SUPPLIED RECORDS =>
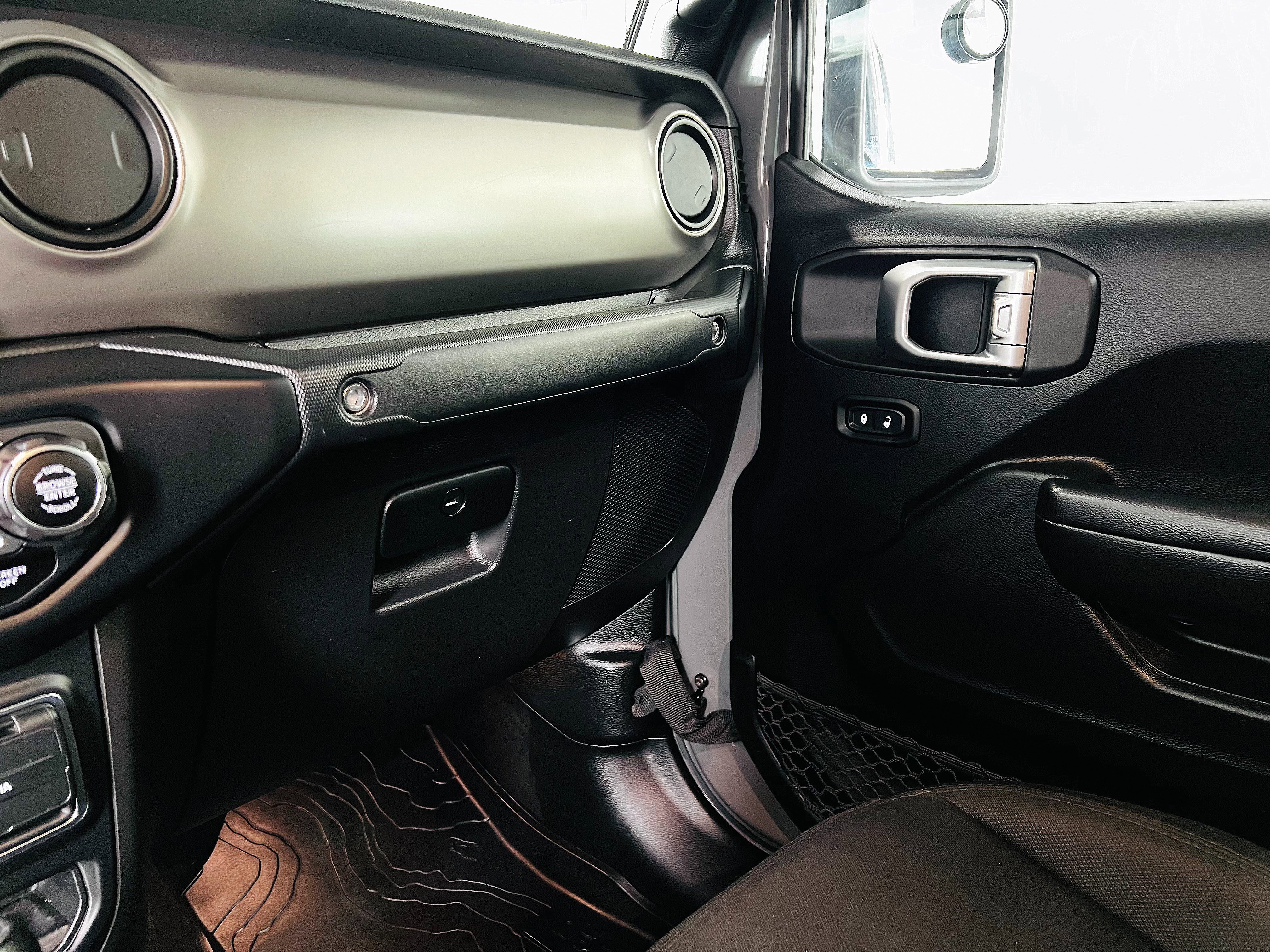 Used 2020 Jeep Gladiator Sport w/ Quick Order Package 24S image 16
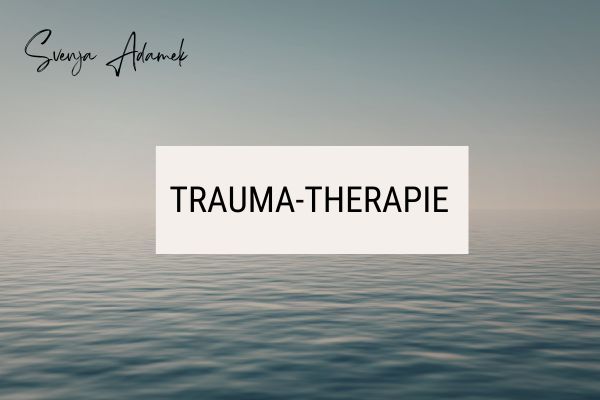 Bild von ruhigem Meer mit Schriftzug: "Trauma-Therapie"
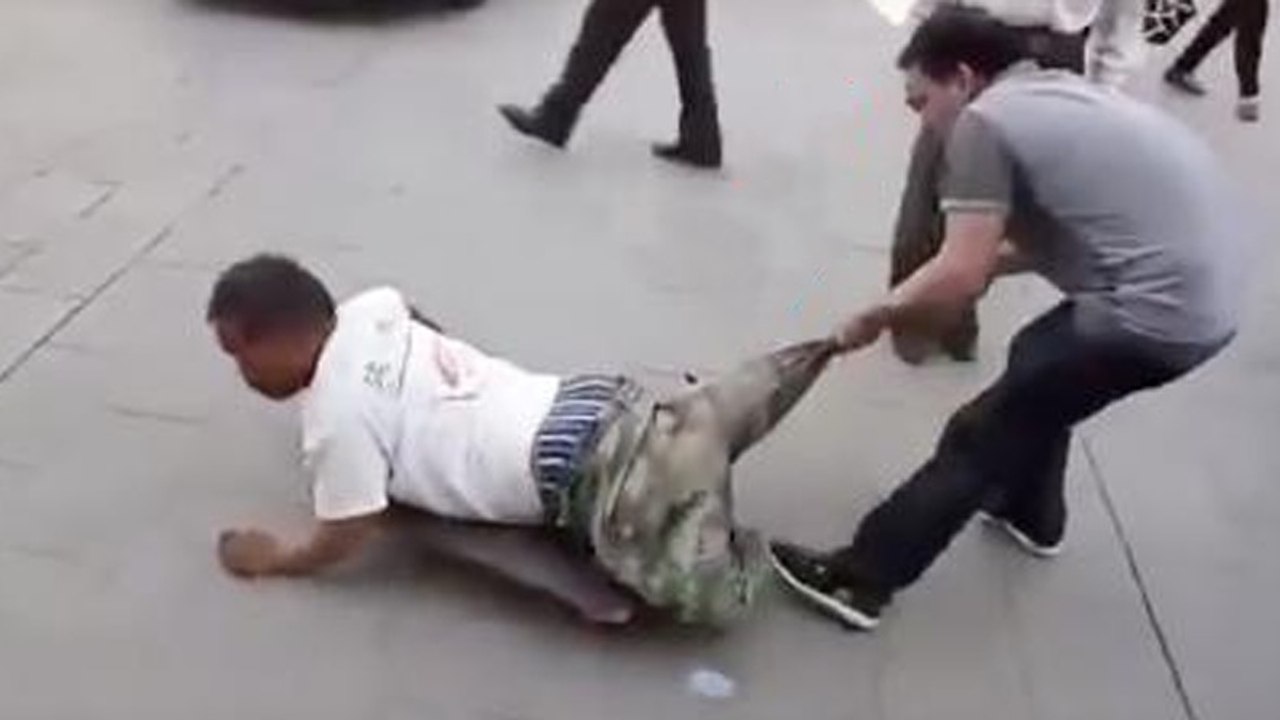 Er zieht dem behinderten Mann an der Hose. Zuschauer sind außer sich vor Wut!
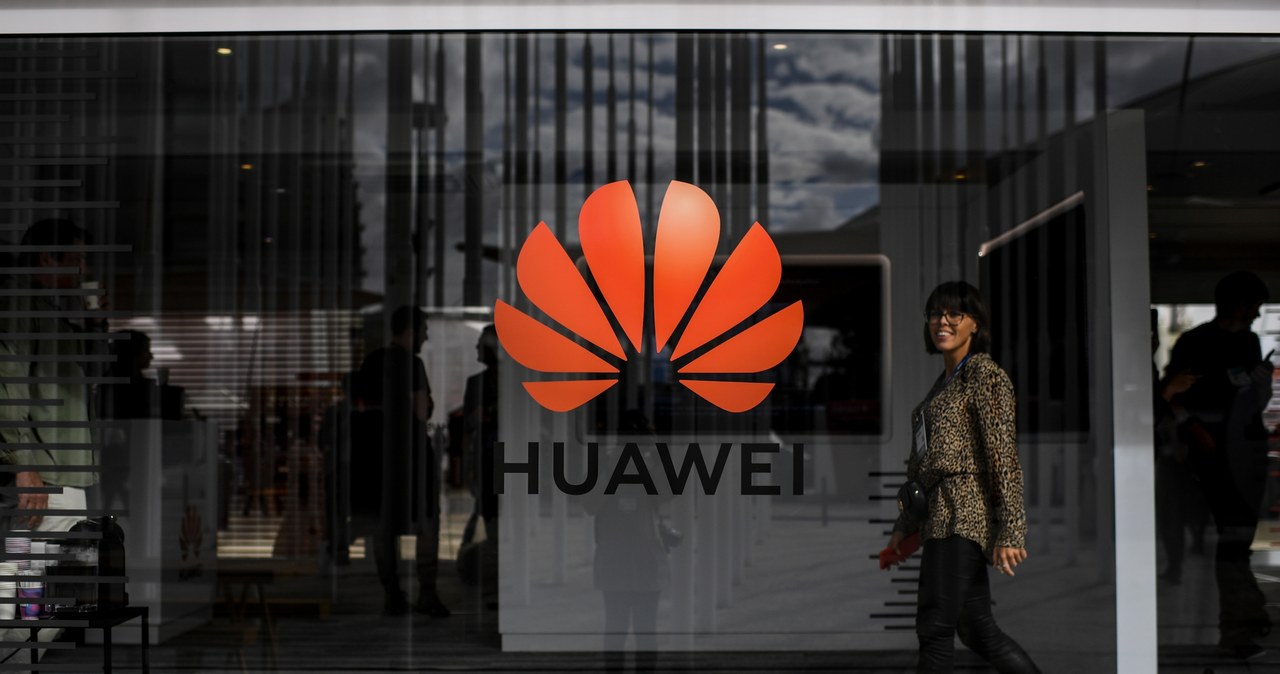 Huawei może doczekać się kolejnego przedłużenia licencji /AFP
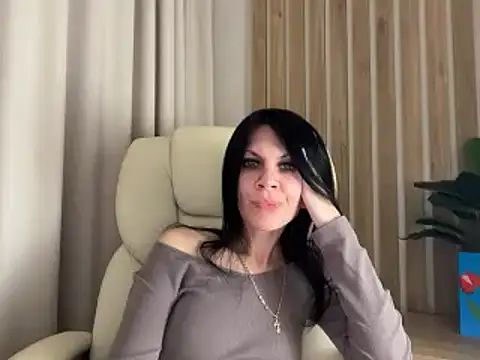 InjaAtHome online show from 04/14/26, 05:52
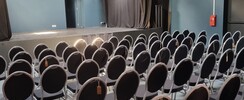 A louer : salle de théâtre entièrement équipée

TASK ITEM => Return exactly the line containing "Huawei może doczekać" and every line after it, up to and including the final line of the entries above. Pictures stay out.

ANSWER SPACE =>
 Huawei może doczekać się kolejnego przedłużenia licencji /AFP
 InjaAtHome online show from 04/14/26, 05:52
 A louer : salle de théâtre entièrement équipée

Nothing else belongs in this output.